I would imagine fresh bait would not hold up very well. You would just have a long distance chum launcher.


----------



## spicyitalian

I would like to see a bait trebouchet. Might work well for those 50 lb baits.


----------



## Smackdaddy53

Dude i bet you could use a wet rag for s wad behind your bait and weight and not have to freeze it. There are ways to do it for sure. You could probably make a big slingshot with a bunch of surgical tubing and lob a rig pretty far if the pneumatic launcher wouldnt work


-mac-


----------



## Marlingrinder

HuntinforTail said:


> Also, many people who cast surf rods can cast 500'.


I'd have to see that...


----------



## Swells

We got busted with a tater cannon down by the PINS by one of them federal park rangers. Nice feller, but he noticed we was maybe shooting the seagulls, which were diving out chum line of taters, toilet paper, corn cobs, frozen mullet, hotdogs, anything we could find. "Against the law to choot seagulls" he said, "plus that's one helluva littering mess there." 

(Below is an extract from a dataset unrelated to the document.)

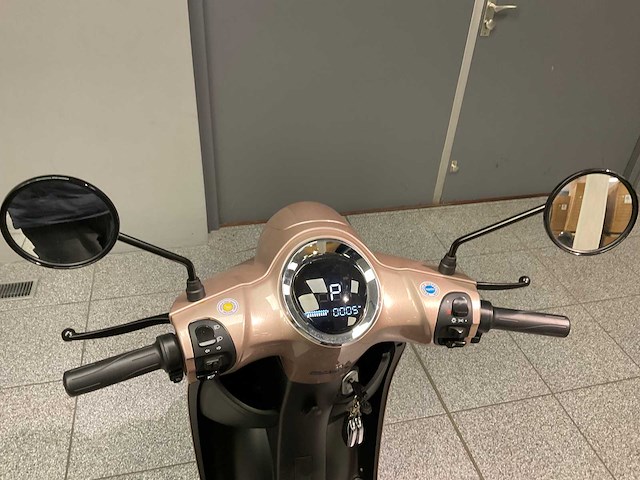 2022 escoo lm0cgc116n1j00308 biënto e-scooter - afbeelding 2 van  12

But he was impressed with our range of about 300 yards or more - can't tell because most of the stuff was blown into a fine spray, including our terminal tackle. Let us squeeze off a few more rounds and watched for us clean up the beach a bit. "Yo boys outta ammo?" We said yeah, blew up all the TP too, and had to get back into town anyways. 

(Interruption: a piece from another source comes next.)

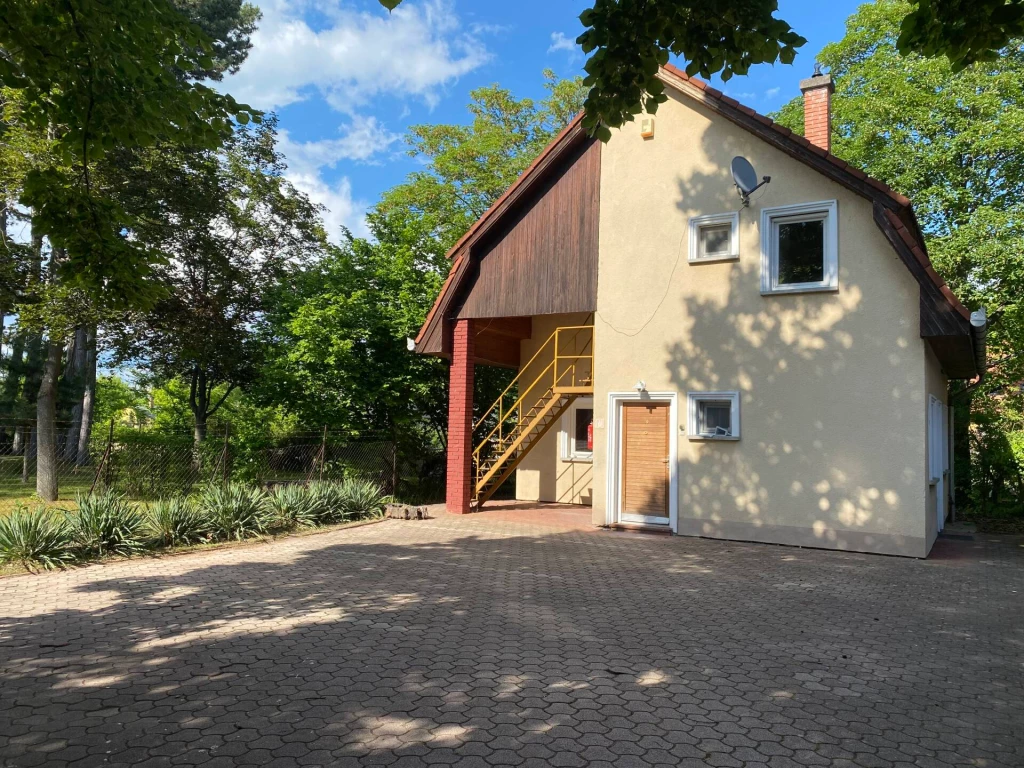 c3-1-name c2-63-name, Balatonlelle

So now we get a yak or a jet-ski and pull baits, and fish with a short pole where you can walk on the sandbars. I've caught 28-inch speck trout waist deep casting at the second gut, with the short pole on an artificial lure. Much more sporty IMHO, and you don't get trash fish with artificial lures either.

Or effing seagulls!


----------



## Mr. Mario

That was my main concern as of right now. I read about how they would freeze baited rigs in a form the same diameter as the launcher and all. I live in Houston and do weekend fishing trips so keeping bait frozen in that way was out of the question. I saw a few videos on fishing weights made for the launcher itself. Pretty interesting but i can imagine a mullet head helicoptering out to the surf. I'm sure you lose quite a bit of distance that way. The wading idea came up in a few articles that I read. So my question is does anyone have any ideas on that note. I don't want to pollute the water. What can I use that would be environmentally friendly and not get me into trouble out there?


----------



## HarborHustler

use one that is pneumatic to keep the law away. if you use the ol hairspray, or other flammable propellant it becomes an "improvised illegal device"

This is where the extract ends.